EXERCISE INSTRUCTIONS:
Everything from the line holding "人気製品 - フレグランス" through the last line below must be repeated exactly, and nothing else.

== Segment start ==

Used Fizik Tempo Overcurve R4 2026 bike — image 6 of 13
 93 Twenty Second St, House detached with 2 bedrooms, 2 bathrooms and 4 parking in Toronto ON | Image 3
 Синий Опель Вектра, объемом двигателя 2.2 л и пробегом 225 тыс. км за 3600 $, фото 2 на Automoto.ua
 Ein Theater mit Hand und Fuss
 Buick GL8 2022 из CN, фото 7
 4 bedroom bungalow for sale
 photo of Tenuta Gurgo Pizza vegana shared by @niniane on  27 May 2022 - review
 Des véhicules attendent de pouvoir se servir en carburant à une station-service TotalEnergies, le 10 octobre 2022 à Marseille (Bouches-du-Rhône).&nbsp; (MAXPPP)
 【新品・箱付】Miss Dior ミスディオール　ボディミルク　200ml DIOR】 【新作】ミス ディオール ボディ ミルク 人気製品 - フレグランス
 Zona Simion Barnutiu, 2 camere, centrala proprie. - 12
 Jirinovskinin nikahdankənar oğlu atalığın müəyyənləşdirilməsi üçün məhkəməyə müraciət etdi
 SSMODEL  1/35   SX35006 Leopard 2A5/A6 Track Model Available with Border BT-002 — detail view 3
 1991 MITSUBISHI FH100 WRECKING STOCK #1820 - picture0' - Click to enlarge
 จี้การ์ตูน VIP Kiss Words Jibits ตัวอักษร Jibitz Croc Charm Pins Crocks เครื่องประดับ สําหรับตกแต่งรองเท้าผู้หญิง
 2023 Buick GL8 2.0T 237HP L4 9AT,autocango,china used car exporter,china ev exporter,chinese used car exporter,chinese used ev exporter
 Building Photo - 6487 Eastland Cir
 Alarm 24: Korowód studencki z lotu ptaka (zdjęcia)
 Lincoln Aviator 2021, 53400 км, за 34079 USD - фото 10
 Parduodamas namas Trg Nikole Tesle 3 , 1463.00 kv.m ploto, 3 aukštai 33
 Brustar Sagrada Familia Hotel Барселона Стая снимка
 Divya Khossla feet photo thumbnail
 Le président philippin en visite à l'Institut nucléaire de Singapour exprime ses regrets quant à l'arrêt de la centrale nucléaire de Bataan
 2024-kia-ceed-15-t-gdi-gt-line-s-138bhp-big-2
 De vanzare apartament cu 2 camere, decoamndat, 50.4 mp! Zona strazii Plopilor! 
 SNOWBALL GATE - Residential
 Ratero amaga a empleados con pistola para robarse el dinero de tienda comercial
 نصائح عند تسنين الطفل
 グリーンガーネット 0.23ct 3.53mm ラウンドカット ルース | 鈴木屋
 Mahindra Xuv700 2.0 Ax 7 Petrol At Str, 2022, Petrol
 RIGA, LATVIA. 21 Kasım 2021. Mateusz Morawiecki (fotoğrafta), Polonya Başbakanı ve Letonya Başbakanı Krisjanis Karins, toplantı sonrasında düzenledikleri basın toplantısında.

== Segment end ==

EXERCISE SOLUTION:
 【新品・箱付】Miss Dior ミスディオール　ボディミルク　200ml DIOR】 【新作】ミス ディオール ボディ ミルク 人気製品 - フレグランス
 Zona Simion Barnutiu, 2 camere, centrala proprie. - 12
 Jirinovskinin nikahdankənar oğlu atalığın müəyyənləşdirilməsi üçün məhkəməyə müraciət etdi
 SSMODEL  1/35   SX35006 Leopard 2A5/A6 Track Model Available with Border BT-002 — detail view 3
 1991 MITSUBISHI FH100 WRECKING STOCK #1820 - picture0' - Click to enlarge
 จี้การ์ตูน VIP Kiss Words Jibits ตัวอักษร Jibitz Croc Charm Pins Crocks เครื่องประดับ สําหรับตกแต่งรองเท้าผู้หญิง
 2023 Buick GL8 2.0T 237HP L4 9AT,autocango,china used car exporter,china ev exporter,chinese used car exporter,chinese used ev exporter
 Building Photo - 6487 Eastland Cir
 Alarm 24: Korowód studencki z lotu ptaka (zdjęcia)
 Lincoln Aviator 2021, 53400 км, за 34079 USD - фото 10
 Parduodamas namas Trg Nikole Tesle 3 , 1463.00 kv.m ploto, 3 aukštai 33
 Brustar Sagrada Familia Hotel Барселона Стая снимка
 Divya Khossla feet photo thumbnail
 Le président philippin en visite à l'Institut nucléaire de Singapour exprime ses regrets quant à l'arrêt de la centrale nucléaire de Bataan
 2024-kia-ceed-15-t-gdi-gt-line-s-138bhp-big-2
 De vanzare apartament cu 2 camere, decoamndat, 50.4 mp! Zona strazii Plopilor! 
 SNOWBALL GATE - Residential
 Ratero amaga a empleados con pistola para robarse el dinero de tienda comercial
 نصائح عند تسنين الطفل
 グリーンガーネット 0.23ct 3.53mm ラウンドカット ルース | 鈴木屋
 Mahindra Xuv700 2.0 Ax 7 Petrol At Str, 2022, Petrol
 RIGA, LATVIA. 21 Kasım 2021. Mateusz Morawiecki (fotoğrafta), Polonya Başbakanı ve Letonya Başbakanı Krisjanis Karins, toplantı sonrasında düzenledikleri basın toplantısında.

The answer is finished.